_PROBLEM_. An exact copy of every entry is what's needed, so please transcribe them all.

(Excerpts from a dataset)
- - - -

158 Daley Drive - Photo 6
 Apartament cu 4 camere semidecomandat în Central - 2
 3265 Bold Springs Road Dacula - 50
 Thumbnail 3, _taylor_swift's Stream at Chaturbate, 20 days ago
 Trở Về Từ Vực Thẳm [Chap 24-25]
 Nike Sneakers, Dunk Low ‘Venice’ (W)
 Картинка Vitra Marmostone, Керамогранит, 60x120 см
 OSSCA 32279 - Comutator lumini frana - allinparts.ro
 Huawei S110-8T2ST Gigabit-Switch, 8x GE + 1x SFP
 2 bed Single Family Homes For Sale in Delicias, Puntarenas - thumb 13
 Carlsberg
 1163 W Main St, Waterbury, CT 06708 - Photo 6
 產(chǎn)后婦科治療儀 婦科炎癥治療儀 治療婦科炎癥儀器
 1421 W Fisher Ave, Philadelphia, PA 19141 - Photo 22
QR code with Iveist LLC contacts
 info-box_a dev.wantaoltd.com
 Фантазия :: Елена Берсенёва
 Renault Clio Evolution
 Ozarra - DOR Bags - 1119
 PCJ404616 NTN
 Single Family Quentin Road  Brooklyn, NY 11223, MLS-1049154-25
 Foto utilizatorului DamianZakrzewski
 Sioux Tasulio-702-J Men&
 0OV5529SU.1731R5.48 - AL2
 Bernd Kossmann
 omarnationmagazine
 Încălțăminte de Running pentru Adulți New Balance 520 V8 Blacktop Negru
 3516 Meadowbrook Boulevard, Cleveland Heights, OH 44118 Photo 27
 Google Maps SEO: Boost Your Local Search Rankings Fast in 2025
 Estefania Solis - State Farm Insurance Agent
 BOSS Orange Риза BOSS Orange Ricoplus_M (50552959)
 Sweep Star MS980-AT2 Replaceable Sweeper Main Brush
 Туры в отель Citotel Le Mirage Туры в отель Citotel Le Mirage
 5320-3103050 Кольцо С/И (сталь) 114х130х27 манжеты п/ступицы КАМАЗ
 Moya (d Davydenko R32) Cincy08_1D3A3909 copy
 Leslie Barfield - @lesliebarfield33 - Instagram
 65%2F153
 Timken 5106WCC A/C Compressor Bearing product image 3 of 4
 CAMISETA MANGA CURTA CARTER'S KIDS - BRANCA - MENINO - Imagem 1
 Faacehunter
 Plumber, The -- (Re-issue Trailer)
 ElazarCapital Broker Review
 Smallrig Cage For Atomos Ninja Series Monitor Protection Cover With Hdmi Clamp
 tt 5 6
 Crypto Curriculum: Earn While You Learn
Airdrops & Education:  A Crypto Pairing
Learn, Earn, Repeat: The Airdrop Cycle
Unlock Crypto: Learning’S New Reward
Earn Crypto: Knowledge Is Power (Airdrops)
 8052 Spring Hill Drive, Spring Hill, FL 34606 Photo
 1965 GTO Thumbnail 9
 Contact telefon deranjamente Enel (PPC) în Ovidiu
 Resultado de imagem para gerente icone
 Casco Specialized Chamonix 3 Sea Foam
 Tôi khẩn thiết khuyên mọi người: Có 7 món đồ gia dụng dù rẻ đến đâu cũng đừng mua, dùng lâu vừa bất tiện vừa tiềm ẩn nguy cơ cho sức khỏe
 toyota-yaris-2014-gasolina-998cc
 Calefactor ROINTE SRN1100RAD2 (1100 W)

- - - -

_REPLY_.
158 Daley Drive - Photo 6
 Apartament cu 4 camere semidecomandat în Central - 2
 3265 Bold Springs Road Dacula - 50
 Thumbnail 3, _taylor_swift's Stream at Chaturbate, 20 days ago
 Trở Về Từ Vực Thẳm [Chap 24-25]
 Nike Sneakers, Dunk Low ‘Venice’ (W)
 Картинка Vitra Marmostone, Керамогранит, 60x120 см
 OSSCA 32279 - Comutator lumini frana - allinparts.ro
 Huawei S110-8T2ST Gigabit-Switch, 8x GE + 1x SFP
 2 bed Single Family Homes For Sale in Delicias, Puntarenas - thumb 13
 Carlsberg
 1163 W Main St, Waterbury, CT 06708 - Photo 6
 產(chǎn)后婦科治療儀 婦科炎癥治療儀 治療婦科炎癥儀器
 1421 W Fisher Ave, Philadelphia, PA 19141 - Photo 22
QR code with Iveist LLC contacts
 info-box_a dev.wantaoltd.com
 Фантазия :: Елена Берсенёва
 Renault Clio Evolution
 Ozarra - DOR Bags - 1119
 PCJ404616 NTN
 Single Family Quentin Road  Brooklyn, NY 11223, MLS-1049154-25
 Foto utilizatorului DamianZakrzewski
 Sioux Tasulio-702-J Men&
 0OV5529SU.1731R5.48 - AL2
 Bernd Kossmann
 omarnationmagazine
 Încălțăminte de Running pentru Adulți New Balance 520 V8 Blacktop Negru
 3516 Meadowbrook Boulevard, Cleveland Heights, OH 44118 Photo 27
 Google Maps SEO: Boost Your Local Search Rankings Fast in 2025
 Estefania Solis - State Farm Insurance Agent
 BOSS Orange Риза BOSS Orange Ricoplus_M (50552959)
 Sweep Star MS980-AT2 Replaceable Sweeper Main Brush
 Туры в отель Citotel Le Mirage Туры в отель Citotel Le Mirage
 5320-3103050 Кольцо С/И (сталь) 114х130х27 манжеты п/ступицы КАМАЗ
 Moya (d Davydenko R32) Cincy08_1D3A3909 copy
 Leslie Barfield - @lesliebarfield33 - Instagram
 65%2F153
 Timken 5106WCC A/C Compressor Bearing product image 3 of 4
 CAMISETA MANGA CURTA CARTER'S KIDS - BRANCA - MENINO - Imagem 1
 Faacehunter
 Plumber, The -- (Re-issue Trailer)
 ElazarCapital Broker Review
 Smallrig Cage For Atomos Ninja Series Monitor Protection Cover With Hdmi Clamp
 tt 5 6
 Crypto Curriculum: Earn While You Learn
Airdrops & Education:  A Crypto Pairing
Learn, Earn, Repeat: The Airdrop Cycle
Unlock Crypto: Learning’S New Reward
Earn Crypto: Knowledge Is Power (Airdrops)
 8052 Spring Hill Drive, Spring Hill, FL 34606 Photo
 1965 GTO Thumbnail 9
 Contact telefon deranjamente Enel (PPC) în Ovidiu
 Resultado de imagem para gerente icone
 Casco Specialized Chamonix 3 Sea Foam
 Tôi khẩn thiết khuyên mọi người: Có 7 món đồ gia dụng dù rẻ đến đâu cũng đừng mua, dùng lâu vừa bất tiện vừa tiềm ẩn nguy cơ cho sức khỏe
 toyota-yaris-2014-gasolina-998cc
 Calefactor ROINTE SRN1100RAD2 (1100 W)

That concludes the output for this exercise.